In 1956, two demonstration sports were allowed: a sport from the host nation and a foreign sport—Australian rules football and baseball respectively. Rather than the tournaments that would be played at future Games while still a demonstration sport, a single match was played against a team representing the United States selected from the U.S. Far East Command, on 1 December 1956, at the Melbourne Cricket Ground.

Though many of the 114,000 people who attended were believed to be attending in anticipation of the athletics events to be held that afternoon, until an exhibition game played at the Los Angeles Memorial Coliseum in 2008 between the Los Angeles Dodgers and the Boston Red Sox, it had the largest attendance for a baseball game ever. Even with this distinctive home-ground advantage, the Australians were unable to win, losing 11–5 in six innings.

1 December 12:30 (UTC+11) at Melbourne Cricket Ground
| Team | 1 | 2 | 3 | 4 | 5 | 6 | R |
| United States | 2 | 0 | 4 | 0 | 2 | 3 | 11 |
| Australia | 0 | 1 | 0 | 0 | 1 | 3 | 5 |
Home runs: : Vane Sutton (1) : Norman White (1) Attendance: 114,000 Boxscore

== Seoul, 1988 ==

1988 was the last time that baseball was included as an Olympic sport without medal status, and was the second time that Australia participated at the Olympic level. Though not originally included in the eight team tournament, Australia joined Canada, Chinese Taipei, Japan, the Netherlands, Puerto Rico, South Korea and the United States after Cuba chose to boycott the Games. Australia was pooled with Canada, South Korea and the United States, but failed to qualify for the finals.

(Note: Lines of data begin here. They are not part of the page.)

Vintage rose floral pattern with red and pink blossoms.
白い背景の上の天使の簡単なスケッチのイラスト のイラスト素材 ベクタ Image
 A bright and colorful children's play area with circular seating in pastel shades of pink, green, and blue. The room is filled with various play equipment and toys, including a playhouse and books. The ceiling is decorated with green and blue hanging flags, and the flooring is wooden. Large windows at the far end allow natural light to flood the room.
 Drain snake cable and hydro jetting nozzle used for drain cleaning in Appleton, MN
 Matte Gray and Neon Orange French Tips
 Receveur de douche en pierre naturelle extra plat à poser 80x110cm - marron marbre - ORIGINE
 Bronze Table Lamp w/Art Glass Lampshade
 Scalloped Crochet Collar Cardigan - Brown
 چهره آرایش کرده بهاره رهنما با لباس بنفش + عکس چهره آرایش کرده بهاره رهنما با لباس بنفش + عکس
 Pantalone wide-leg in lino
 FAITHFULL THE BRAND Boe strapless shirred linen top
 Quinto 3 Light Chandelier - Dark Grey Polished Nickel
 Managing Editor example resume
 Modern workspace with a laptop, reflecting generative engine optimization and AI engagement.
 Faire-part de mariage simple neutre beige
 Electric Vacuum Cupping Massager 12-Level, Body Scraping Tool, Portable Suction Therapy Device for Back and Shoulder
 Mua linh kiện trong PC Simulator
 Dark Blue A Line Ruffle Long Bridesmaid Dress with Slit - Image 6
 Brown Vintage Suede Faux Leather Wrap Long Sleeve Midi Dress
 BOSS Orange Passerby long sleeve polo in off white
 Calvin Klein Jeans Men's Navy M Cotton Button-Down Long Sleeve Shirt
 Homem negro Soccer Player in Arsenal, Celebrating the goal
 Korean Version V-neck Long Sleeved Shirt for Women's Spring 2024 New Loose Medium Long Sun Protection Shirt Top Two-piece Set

19 September at Jamsil Baseball Stadium
| Team | 1 | 2 | 3 | 4 | 5 | 6 | 7 | 8 | 9 | R | H |
| Canada | 0 | 0 | 3 | 0 | 0 | 0 | 3 | 0 | 0 | 6 | 12 |
| Australia | 2 | 0 | 2 | 3 | 0 | 0 | 0 | 0 | X | 7 | 10 |
Boxscore

21 September at Jamsil Baseball Stadium (F/7)
| Team | 1 | 2 | 3 | 4 | 5 | 6 | 7 | 8 | 9 | R | H |
| Australia | 0 | 0 | 0 | 0 | 0 | 0 | 2 |  |  | 2 | 3 |
| United States | 2 | 0 | 1 | 0 | 1 | 0 | 8 |  |  | 12 | 15 |
Boxscore

23 September at Jamsil Baseball Stadium (F/10)
| Team | 1 | 2 | 3 | 4 | 5 | 6 | 7 | 8 | 9 | X | R | H |
| Australia | 0 | 0 | 1 | 0 | 0 | 0 | 0 | 0 | 0 | 0 | 1 | 6 |
| South Korea | 0 | 1 | 0 | 0 | 0 | 0 | 0 | 0 | 0 | 0 | 2 | 7 |
Boxscore

== Atlanta, 1996 ==

Prior to the Games proper, Australia had to qualify to compete in the baseball tournament. After the host nation automatically qualifying, two spots were available each to European, American and Asian teams, while the final spot was available to the winner of a playoff between the Oceania Champions and the African Champions. Australia won this contest, depriving South Africa of its first opportunity to compete in Olympic baseball.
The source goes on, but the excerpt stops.